By Vasco Cotovio, Laura Paddison and Sana Noor Haq, CNN

(CNN) — Deforestation in the Brazilian Amazon fell by 66% last month compared to July 2022 and is now at its lowest rate in six years, according to preliminary data released by Brazil’s National Institute for Space Research (INPE) on Thursday.

Nearly 500 square kilometers (193 square miles) of rainforest were cleared in July, a significant fall from the 1,487 square kilometers (574 square miles) cleared last July.

There has been a sharp decline in deforestation since Luiz Inacio Lula da Silva was inaugurated as president in January. Lula has pledged to end deforestation, which had increased rapidly under his predecessor, Jair Bolsonaro.

Brazil’s environment minister, Marina Silva, said government policies, including increasing surveillance and fining perpetrators, has played a big role in bringing rates of deforestation down.

“It is the end of the expectation of impunity,” Silva told journalists at a news conference announcing the results. “When you see the increase in operations … this creates a virtuous circle of no longer expecting impunity.”

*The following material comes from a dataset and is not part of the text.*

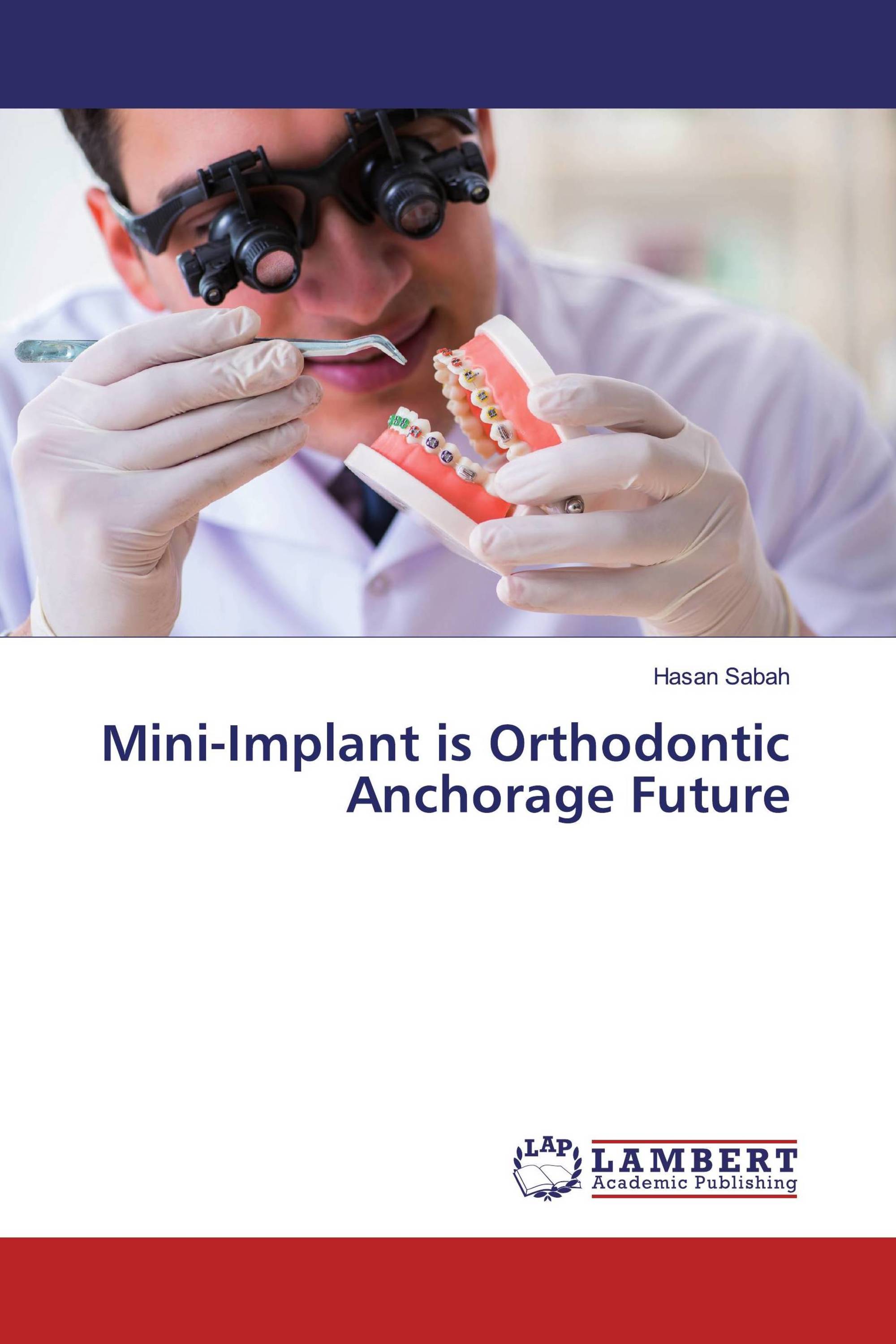 Mini-Implant is Orthodontic Anchorage Future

The preliminary data should be confirmed in the next few days, and comes as the countries which contain parts of the Amazon prepare to meet on August 8 and 9 in the Brazilian city of Belem, for a summit aimed at increasing protection of the rainforest.

The reduced rate of deforestation is positive news at a time when the Amazon remains critically vulnerable.

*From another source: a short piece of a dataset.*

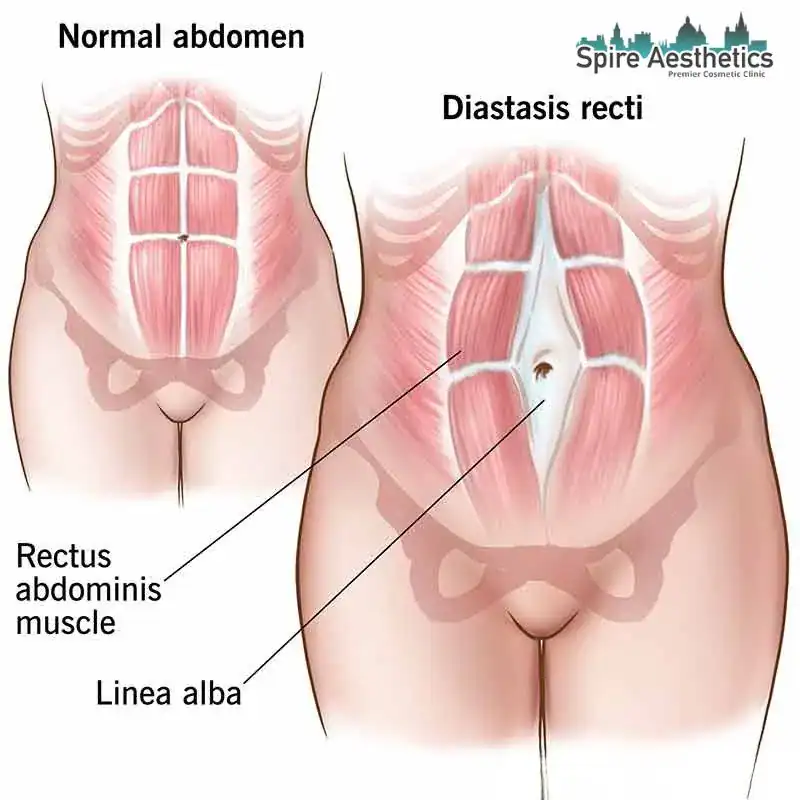 When Will My Belly Feel Normal Again Addlestone?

Mikaela Weisse, the director of the World Resources Institute’s (WRI) Global Forest Watch, said the data is “incredibly important and promising.”

“The fact that we’re still seeing these massive declines compared to last year and previous years in July, I think is very significant,” she told CNN. “Lula and his administration are taking deforestation much more seriously than his predecessor.”

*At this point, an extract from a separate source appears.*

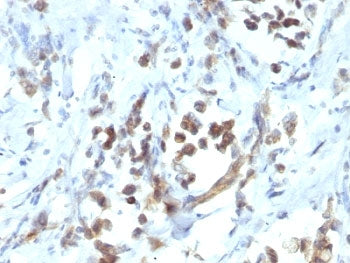 IHC: Formalin-fixed, paraffin-embedded human gastric carcinoma stained with PAX6 antibody (PAX6/1166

Some scientists have warned that the rainforest may be approaching a critical tipping point that could see it transformed into a grassy savannah. This would have huge implications for biodiversity as well as the climate crisis – the Amazon stores huge amounts of carbon and has a significant impact on global weather patterns.

“The Amazon rainforest really serves as kind of a motor, for rainfall and precipitation throughout the region. And so I think we would expect to see pretty major implications on agricultural production, for example, in other parts of Brazil and across South America,” Weisse said.

If the Amazon is not protected, it will also be much harder to limit global warming to 1.5 degrees Celsius above pre-industrial levels, said Weisse. Breaching this threshold risks of triggering major tipping points, including the death of coral reefs and the melting of polar ice sheets.

Continued effort is needed to keep pushing deforestation rates down, Weisse said. “You can’t just reduce the rates and expect that it’s going to stay that way.”

What’s happening in the Brazilian Amazon provides some hope that rainforest destruction rates might start to decline globally. In 2022 an area of global tropical forest the size of Switzerland was lost as forest destruction rose by 10% compared to the previous year, according to a recent report from Global Forest Watch.